How do nicknames get started anyway? And what makes some of them "stick" for life? Sometimes they're  just a shortened version of the proper name. Like my grandsons.  Ashten became "Ash". Caleb has become "Kabe" and Clifton has become "Kiff". Clifton's nickname got started when Caleb was just beginning to talk and would pronounce Clifton, "Kiffen", which then got shortened to "Kiff". Although if you pronounce it right,(Southern like I do), it's still a two syllable word. Think "Ki-yuff". And then the youngest grandson's name is Carlton. And at this point he is called "Little Tan" or just plan "Tan", taken from the last half of his name.

And the granddaughter. Our favorite granddaughter we call her because she's the only one we've got. She had multiple nicknames growing up. "Smurf" and "Monster" are two that come to mind.
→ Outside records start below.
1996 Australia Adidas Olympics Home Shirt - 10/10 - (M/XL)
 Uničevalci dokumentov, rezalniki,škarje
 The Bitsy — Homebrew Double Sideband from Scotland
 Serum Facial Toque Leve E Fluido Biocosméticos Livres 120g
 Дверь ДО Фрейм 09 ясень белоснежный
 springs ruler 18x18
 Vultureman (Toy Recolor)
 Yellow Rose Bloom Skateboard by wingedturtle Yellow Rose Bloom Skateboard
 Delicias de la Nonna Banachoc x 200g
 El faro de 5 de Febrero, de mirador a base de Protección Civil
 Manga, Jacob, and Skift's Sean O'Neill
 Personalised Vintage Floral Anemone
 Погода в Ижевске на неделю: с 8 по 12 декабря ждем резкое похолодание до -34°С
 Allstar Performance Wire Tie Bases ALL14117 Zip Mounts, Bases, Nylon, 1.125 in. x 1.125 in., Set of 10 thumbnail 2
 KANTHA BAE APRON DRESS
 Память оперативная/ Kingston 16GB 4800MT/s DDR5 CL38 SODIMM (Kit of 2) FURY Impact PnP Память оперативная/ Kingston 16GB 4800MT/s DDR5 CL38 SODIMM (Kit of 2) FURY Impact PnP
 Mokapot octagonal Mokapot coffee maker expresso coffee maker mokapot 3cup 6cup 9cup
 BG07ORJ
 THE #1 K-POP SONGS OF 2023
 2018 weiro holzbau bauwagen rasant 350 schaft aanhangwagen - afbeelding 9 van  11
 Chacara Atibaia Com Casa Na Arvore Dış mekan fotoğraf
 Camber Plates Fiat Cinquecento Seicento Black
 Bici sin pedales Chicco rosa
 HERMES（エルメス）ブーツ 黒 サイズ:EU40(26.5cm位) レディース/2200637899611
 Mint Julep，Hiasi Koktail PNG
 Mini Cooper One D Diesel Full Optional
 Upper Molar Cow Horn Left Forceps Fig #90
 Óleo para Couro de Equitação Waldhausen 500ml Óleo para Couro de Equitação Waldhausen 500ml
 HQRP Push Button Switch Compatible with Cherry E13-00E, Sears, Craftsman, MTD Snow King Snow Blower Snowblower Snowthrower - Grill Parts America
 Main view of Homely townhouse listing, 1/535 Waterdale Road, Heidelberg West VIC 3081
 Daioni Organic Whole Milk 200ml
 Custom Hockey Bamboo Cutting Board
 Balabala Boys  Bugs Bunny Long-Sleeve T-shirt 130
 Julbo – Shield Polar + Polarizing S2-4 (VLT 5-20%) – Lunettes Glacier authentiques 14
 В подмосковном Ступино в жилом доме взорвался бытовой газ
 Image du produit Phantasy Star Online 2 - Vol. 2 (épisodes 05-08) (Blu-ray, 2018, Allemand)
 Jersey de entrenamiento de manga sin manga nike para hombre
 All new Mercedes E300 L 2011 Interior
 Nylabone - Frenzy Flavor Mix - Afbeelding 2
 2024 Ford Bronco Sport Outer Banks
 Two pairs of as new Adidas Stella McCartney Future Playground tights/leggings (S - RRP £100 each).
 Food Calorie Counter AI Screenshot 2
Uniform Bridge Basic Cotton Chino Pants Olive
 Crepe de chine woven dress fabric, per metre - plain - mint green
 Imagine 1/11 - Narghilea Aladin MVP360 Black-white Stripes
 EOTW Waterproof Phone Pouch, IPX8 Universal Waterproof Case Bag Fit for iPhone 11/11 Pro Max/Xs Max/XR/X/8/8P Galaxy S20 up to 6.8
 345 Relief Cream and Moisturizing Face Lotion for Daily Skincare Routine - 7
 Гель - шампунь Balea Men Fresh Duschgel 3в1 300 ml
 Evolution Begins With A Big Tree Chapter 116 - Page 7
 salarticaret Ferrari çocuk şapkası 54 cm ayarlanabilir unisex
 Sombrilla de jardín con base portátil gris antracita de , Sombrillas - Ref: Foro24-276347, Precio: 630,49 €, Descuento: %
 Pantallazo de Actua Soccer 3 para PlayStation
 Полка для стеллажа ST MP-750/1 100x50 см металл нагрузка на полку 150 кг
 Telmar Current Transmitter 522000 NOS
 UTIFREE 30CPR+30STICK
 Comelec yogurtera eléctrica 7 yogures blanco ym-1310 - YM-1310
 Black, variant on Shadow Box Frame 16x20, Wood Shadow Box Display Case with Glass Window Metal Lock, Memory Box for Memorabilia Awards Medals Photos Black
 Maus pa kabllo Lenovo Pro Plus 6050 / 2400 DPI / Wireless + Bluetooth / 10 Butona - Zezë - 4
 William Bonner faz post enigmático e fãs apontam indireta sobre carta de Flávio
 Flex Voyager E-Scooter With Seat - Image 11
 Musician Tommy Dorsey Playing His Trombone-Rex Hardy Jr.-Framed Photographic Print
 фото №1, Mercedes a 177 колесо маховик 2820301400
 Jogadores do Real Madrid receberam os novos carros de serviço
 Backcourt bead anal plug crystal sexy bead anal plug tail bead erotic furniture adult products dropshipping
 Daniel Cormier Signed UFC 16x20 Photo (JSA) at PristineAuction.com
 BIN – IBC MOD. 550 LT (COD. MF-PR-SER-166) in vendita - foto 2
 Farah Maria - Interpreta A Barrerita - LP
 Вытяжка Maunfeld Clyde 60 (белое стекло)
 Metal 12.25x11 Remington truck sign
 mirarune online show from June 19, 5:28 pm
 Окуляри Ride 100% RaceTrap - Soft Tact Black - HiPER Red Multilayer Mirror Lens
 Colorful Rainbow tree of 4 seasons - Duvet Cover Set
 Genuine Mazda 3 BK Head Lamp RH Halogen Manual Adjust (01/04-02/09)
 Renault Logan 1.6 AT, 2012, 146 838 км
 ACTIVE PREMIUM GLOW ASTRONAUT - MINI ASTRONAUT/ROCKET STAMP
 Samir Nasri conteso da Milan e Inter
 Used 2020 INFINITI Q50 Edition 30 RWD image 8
And I promise you that these are truly terms of endearment; ask her if you don't believe me. But we seemed to have settled out on "Treas", which is a shortened version of "Treasure".

Our children had nicknames that stuck as well. We still call our daughter Laurie, "Bize"sometimes. But I can't for the life of me remember how that got started. And son Myron is still at times called "Munk". And I can explain that one, (and it doesn't have anything to do with monkeys). When granddaughter Alexis was little she would put an "M" on the front of uncle as in "Munkle Myron". Then of course that got shortened to "Munkle", which then got condensed down to "Munk".

Sometimes a nickname starts from some physical characteristic. I'm thinking just now of "Big Boy" Boyd. Big Boy isn't exceptionally tall, he is just BIG all over. Huge arms and chest and a neck at least twice as big as mine. I met him once in the local Chinese restaurant and something was said about not eating too much. I forget what I said but he said, "I ain't makin' no promises!"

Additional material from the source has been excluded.